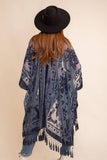 Western Velvet Mesh Tapestry Tassel Kimono: Blue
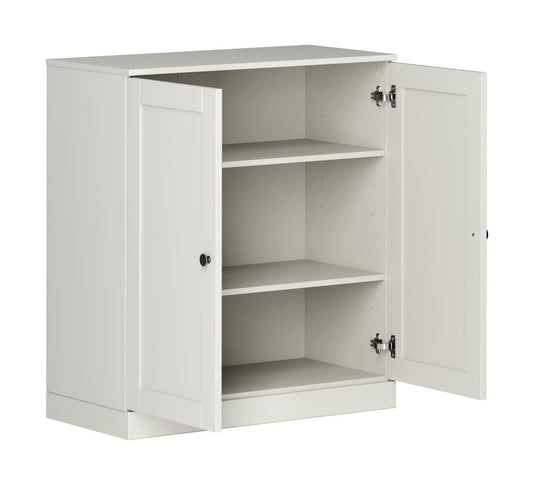 36" Off White Solid Wood Adjustable Three Tier Library Bookcase with Two Doors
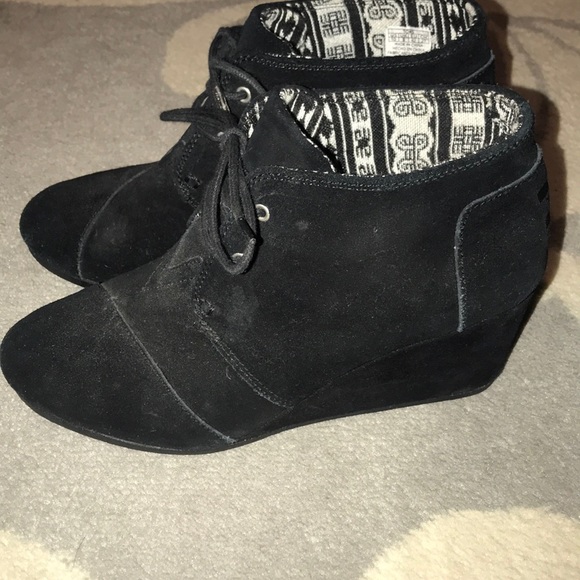 Toms Black Suede Booties - Picture 2 of 3
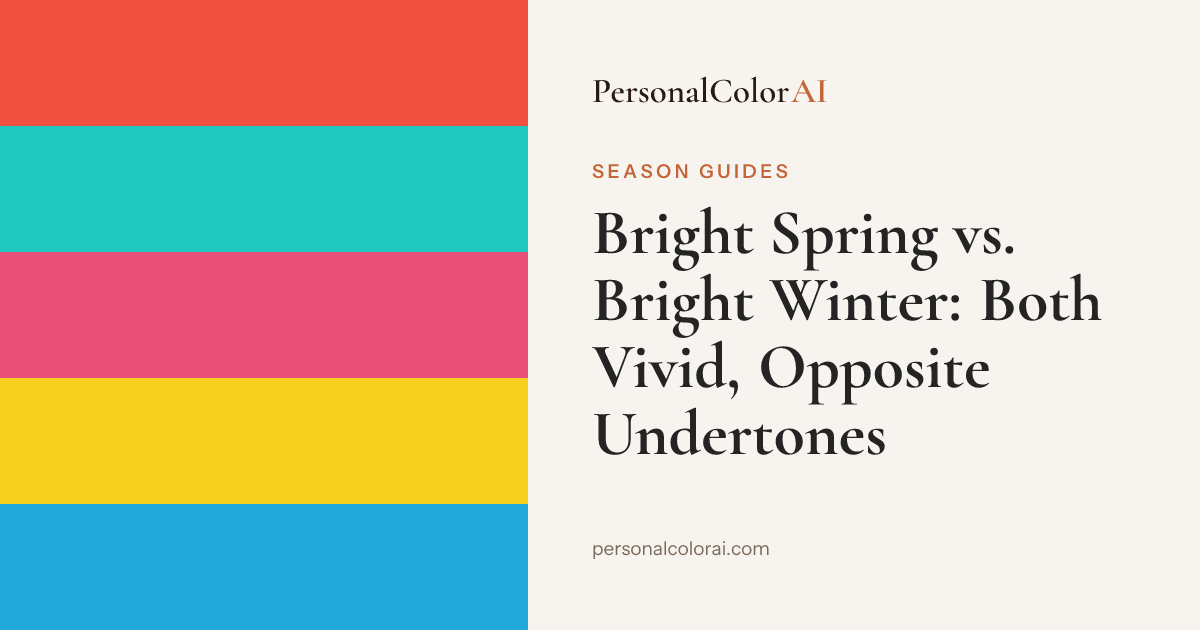 Bright Spring vs. Bright Winter: Both Vivid, Opposite Undertones — Korean color analysis palette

◆ **Task description**: Print the whole listing above once more, word for word, without its pictures.

◆ **Result of the task**:
 Western Velvet Mesh Tapestry Tassel Kimono: Blue
 36" Off White Solid Wood Adjustable Three Tier Library Bookcase with Two Doors
 Toms Black Suede Booties - Picture 2 of 3
 Bright Spring vs. Bright Winter: Both Vivid, Opposite Undertones — Korean color analysis palette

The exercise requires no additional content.